Thursday, April 27, 2006

we have an injured rabbit also




last night i awoke in a panic, absolutley convinced that it was my immediate task to explain Revisionist Modernism in terms of rabbits. you know, there must be a way to resignify the narrative of postmodernism using rabbits. i mean, of course.

now, awake, i can make a relatively coherent statement about Revisionist Modernism. it starts with "privileging the crisis of representation." right?

well, yeah. but trying telling that to the rabbits.

Wednesday, April 26, 2006

not funny

when did it get so cold again?

did somebody turn michigan into maine without telling me?
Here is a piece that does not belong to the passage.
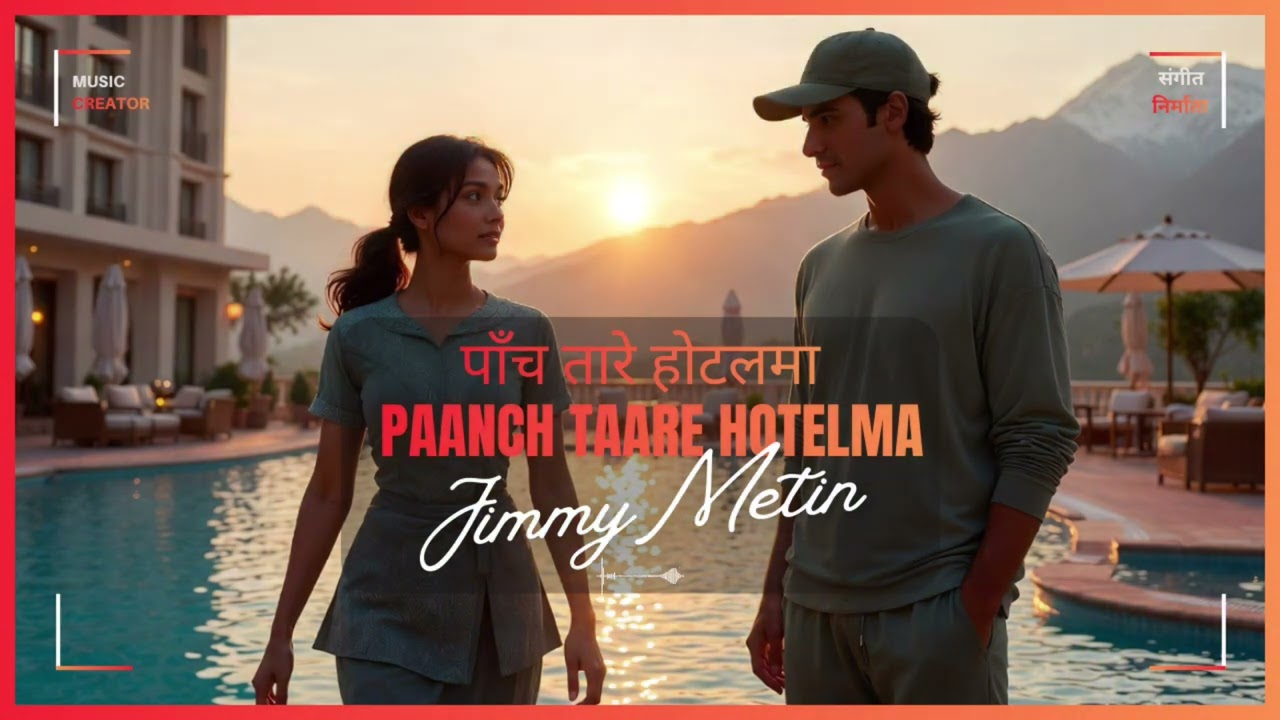 Jimmy Metin - पाँच तारे होटलमा (Paanch Taare Hotelma)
seriously, guys. not funny.

Tuesday, April 25, 2006

meet the parents

i've been thinking about my parents a lot lately. thanks in part to the end-of-semester stress, i miss those crazies, even though they usually drive me crazy. in my family, we consider this a positive attribute. anyway, i have often been told that i favor niether of my parents, but that i look, instead, like the unlikely but exact 50/50 genetic reproduction of them. literally, like mixing red and blue to produce purple.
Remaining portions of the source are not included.